• _Your assignment_: Starting at the line that contains "Ice Cube Graphic", copy every line through the end of the records below exactly as written, leaving out pictures.

• _Material shown_:
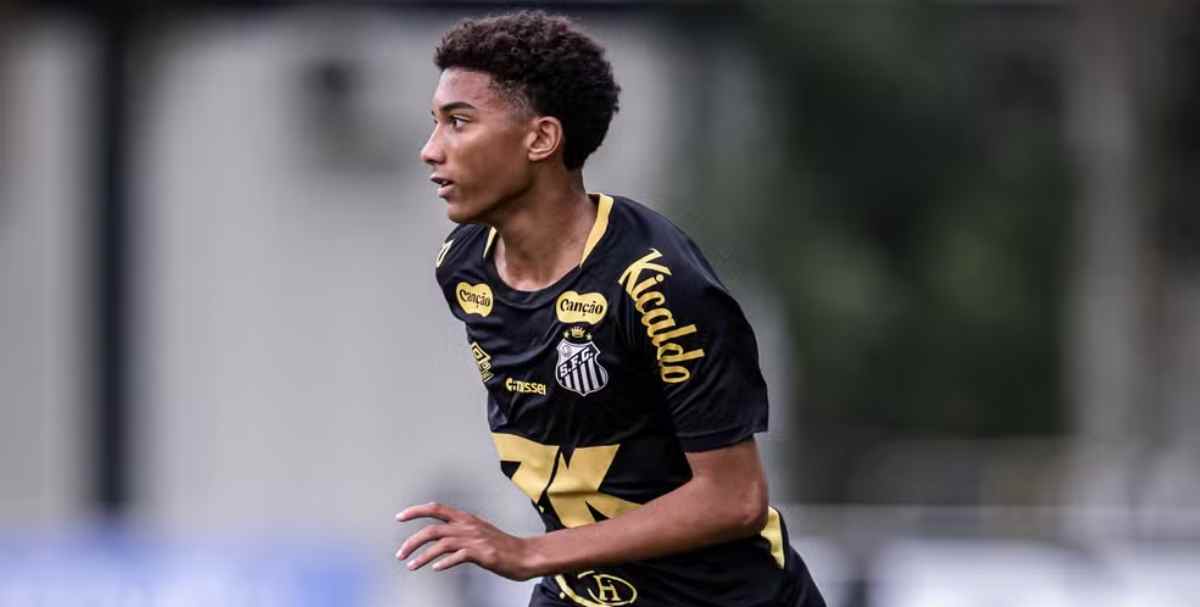 O Santos Futebol Clube ainda não confirmou se o jovem atleta continuará com o número 7 após o amistoso
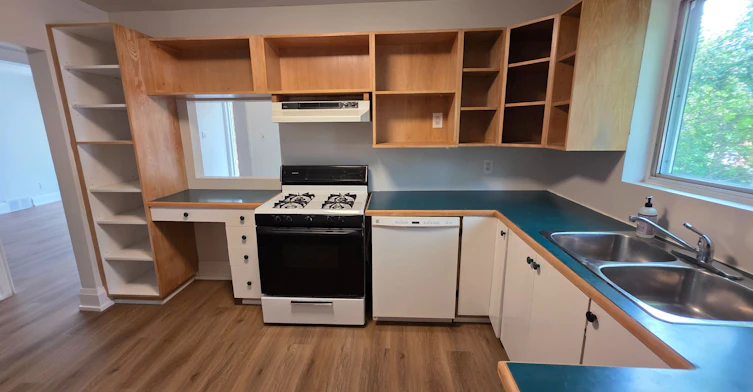 Main-27 Maralim Road, Richmond Hill, ON, L4C 2K6 - 14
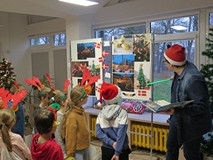 Bibliotekarz opowiada dzieciom o duńskich tradycjach świątecznych.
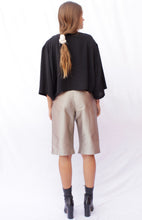 Cargar imagen en el visor de la galería, camisa negra crop
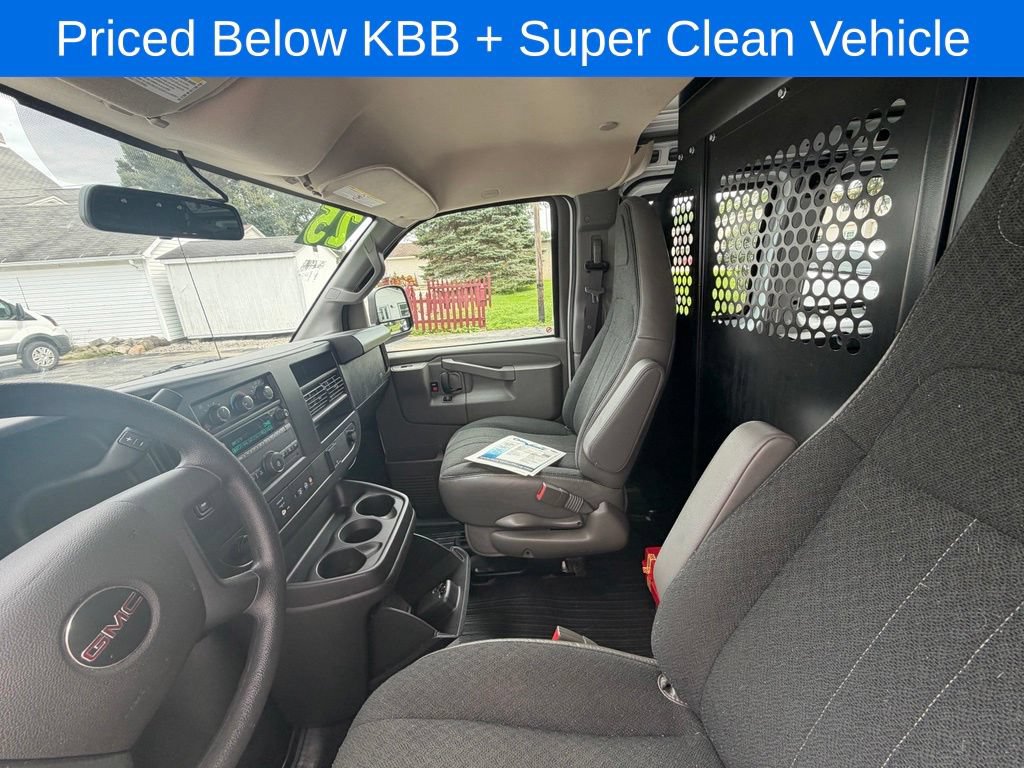 Used 2025 GMC Savana 2500 w/ Driver Convenience Package RWD image 6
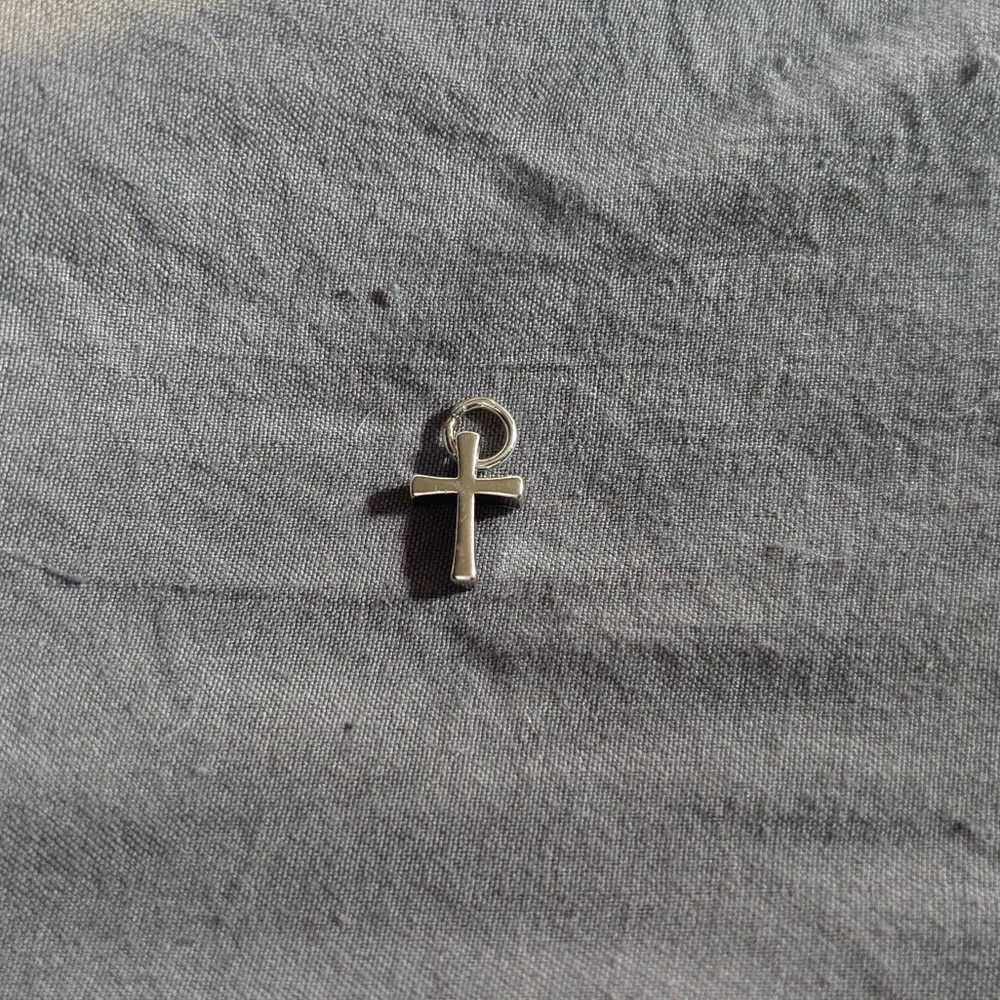 James Avery Petite Latin Cross - Retired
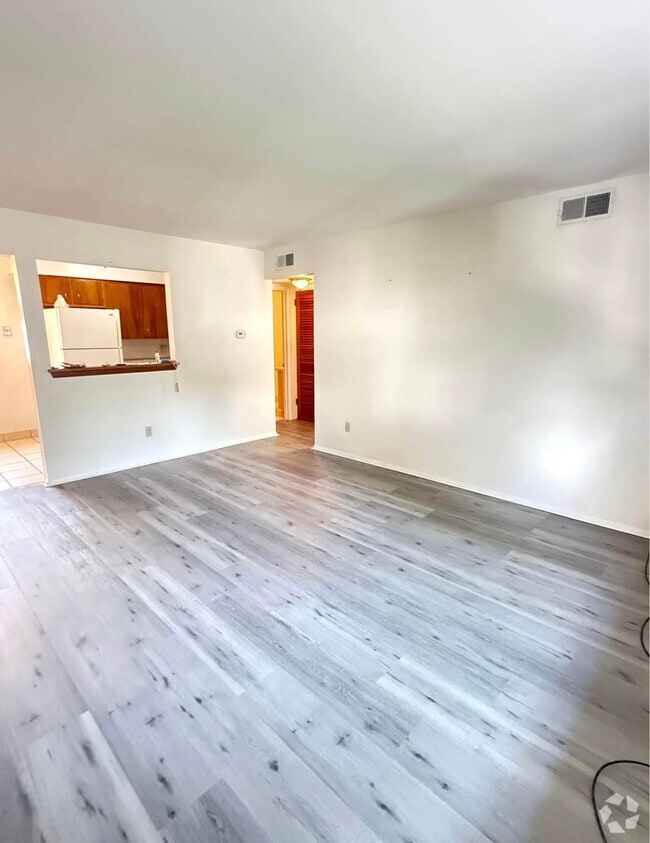 Building Photo - 5032 Firnley Ave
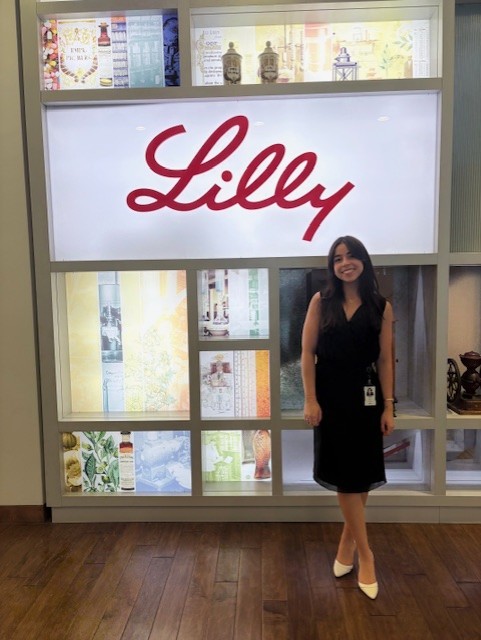Camila during her internship at Eli Lilly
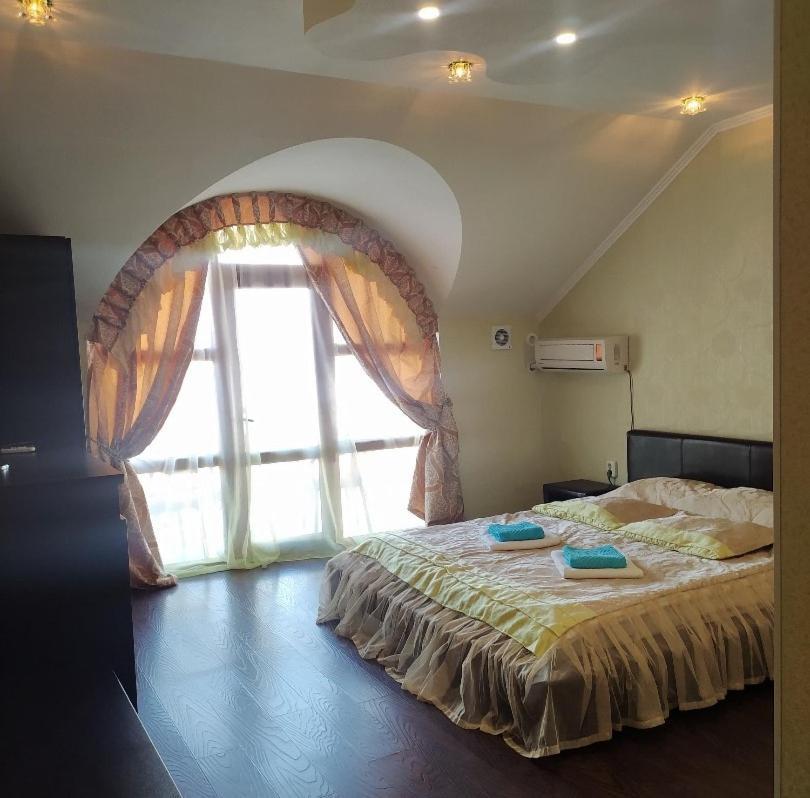 Kristall Hotel Bosteri Luaran gambar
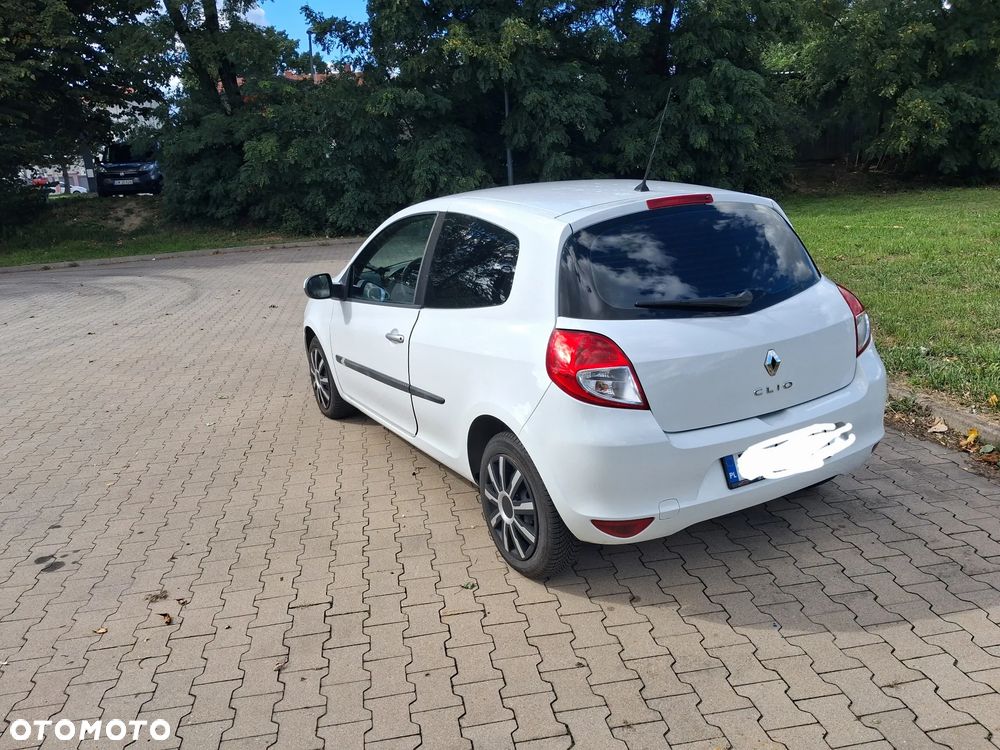 Renault Clio 1.2 16V Exception - 5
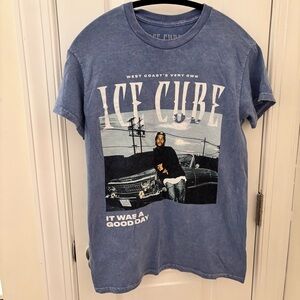 Ice Cube Graphic Band Tee It was a good day distressed light Blue size S Street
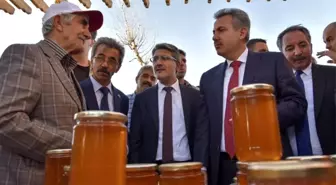 Ağrı 3. Bal Festivali başladı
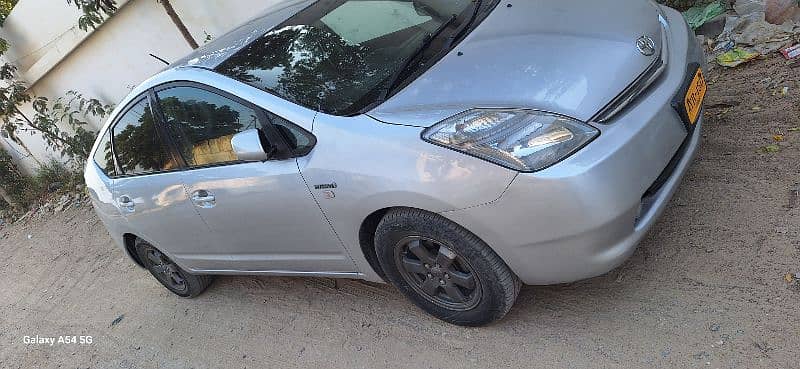 Toyota Prius 2008-2013 just like new home use car 5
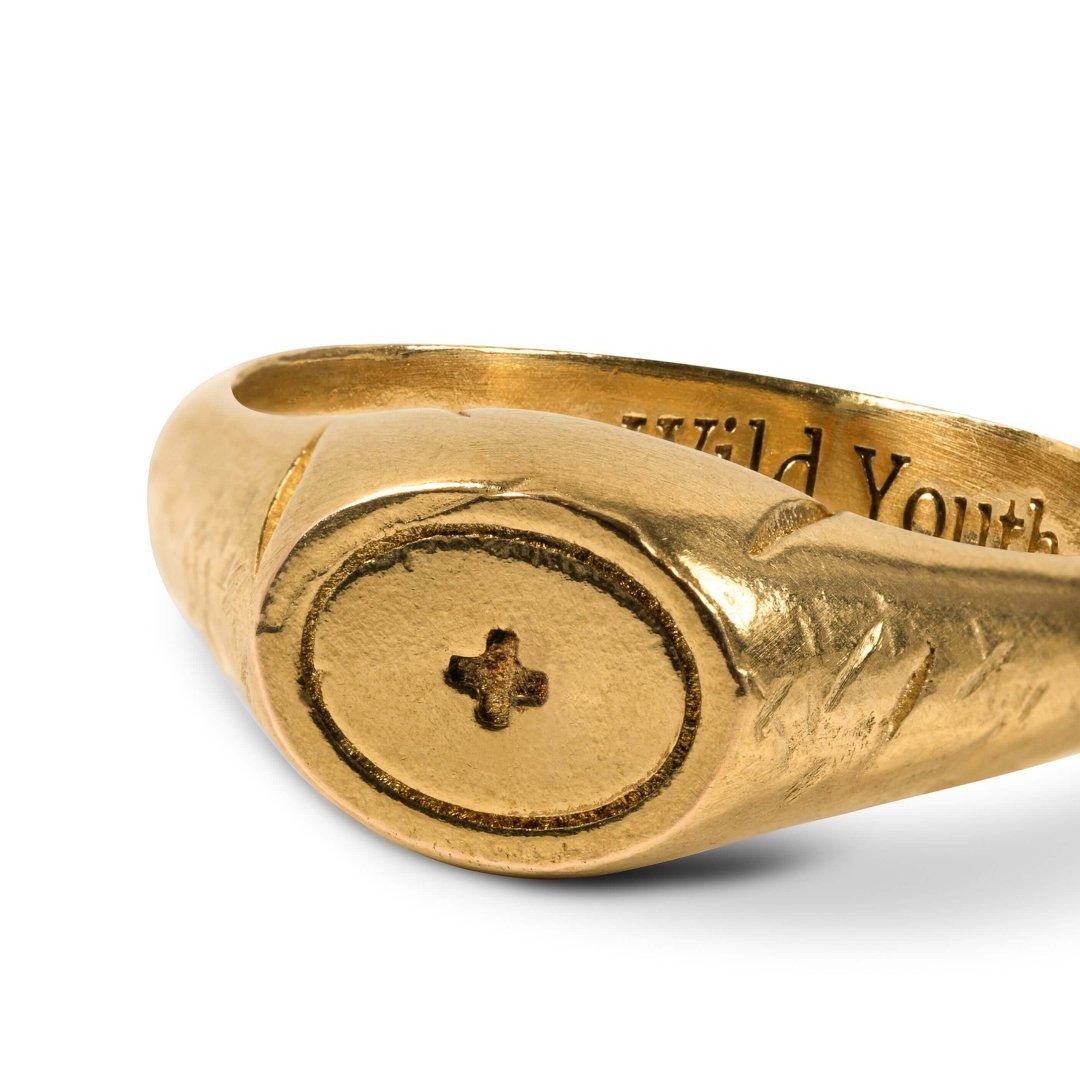 Positivity 19k gold ring lifestyle - minimalist gold jewellery Portugal | Wild Youth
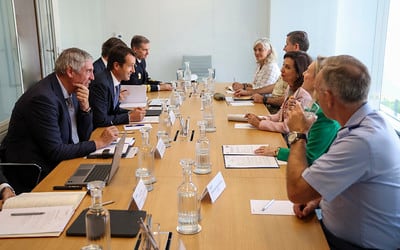 La ministra de Defensa, Margarita Robles en su reunión con Ángel Escribano, presidente de Indra; José Vicente de los Mozos, CEO de la compañía, y Manuel Escalante, director de tecnología (Autor: Ministerio de Defensa)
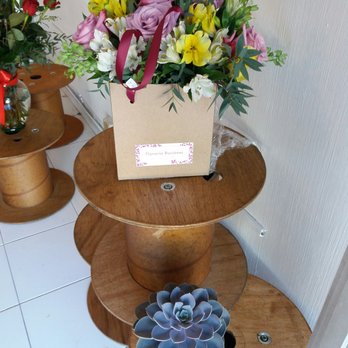 Floreria Rossinna - Florists Near Me - Guadalajara, JAL Floreria Rossinna - Florists Near Me - Guadalajara, JAL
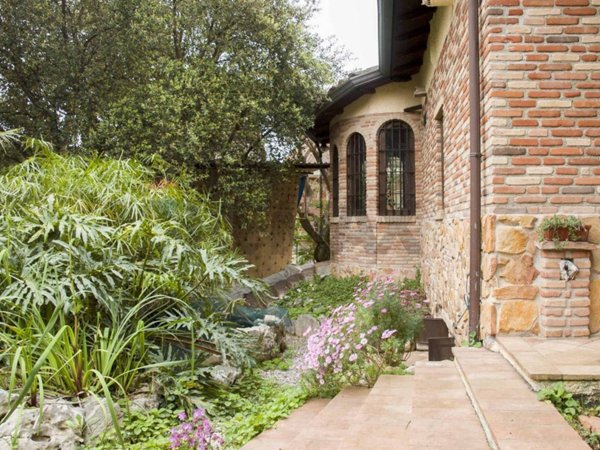 pentavano in vendita a Roma in zona Ottavia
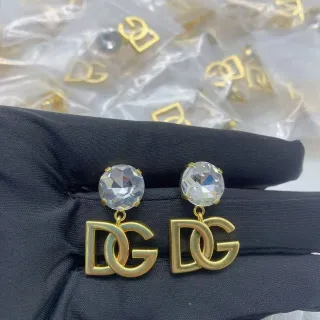 أقراط قطرة Dolce & Gabbana DG لوجو كريستال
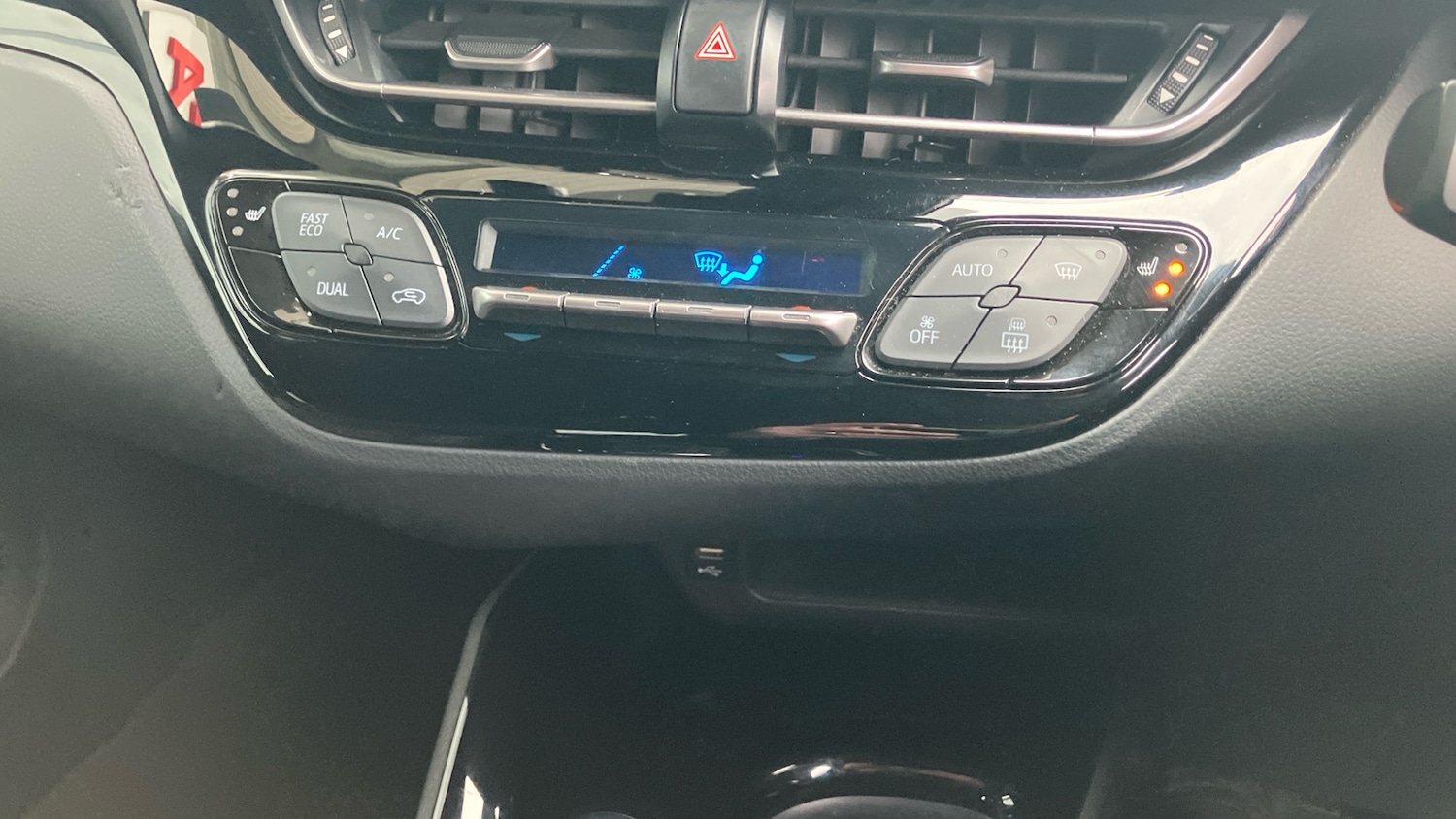 Used Toyota C-HR 2021 for sale - 76696863: Photo 28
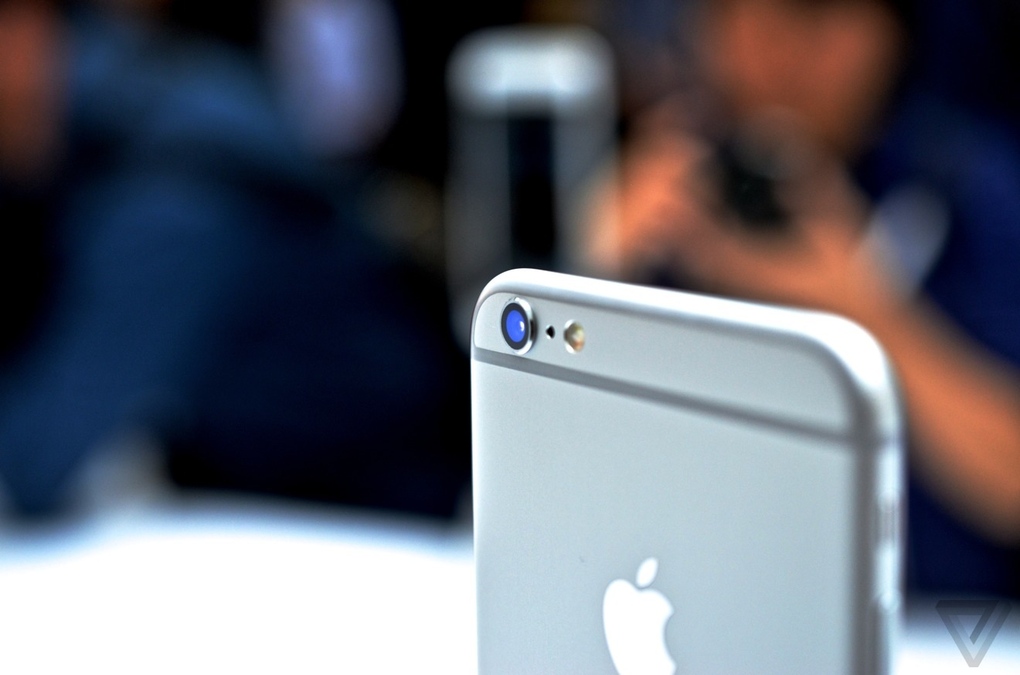 Trên tay iPhone 6 Plus: Kích thước siêu khủng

• _Answer below_:
 Ice Cube Graphic Band Tee It was a good day distressed light Blue size S Street
 Ağrı 3. Bal Festivali başladı
 Toyota Prius 2008-2013 just like new home use car 5
 Positivity 19k gold ring lifestyle - minimalist gold jewellery Portugal | Wild Youth
 La ministra de Defensa, Margarita Robles en su reunión con Ángel Escribano, presidente de Indra; José Vicente de los Mozos, CEO de la compañía, y Manuel Escalante, director de tecnología (Autor: Ministerio de Defensa)
 Floreria Rossinna - Florists Near Me - Guadalajara, JAL Floreria Rossinna - Florists Near Me - Guadalajara, JAL
 pentavano in vendita a Roma in zona Ottavia
 أقراط قطرة Dolce & Gabbana DG لوجو كريستال
 Used Toyota C-HR 2021 for sale - 76696863: Photo 28
 Trên tay iPhone 6 Plus: Kích thước siêu khủng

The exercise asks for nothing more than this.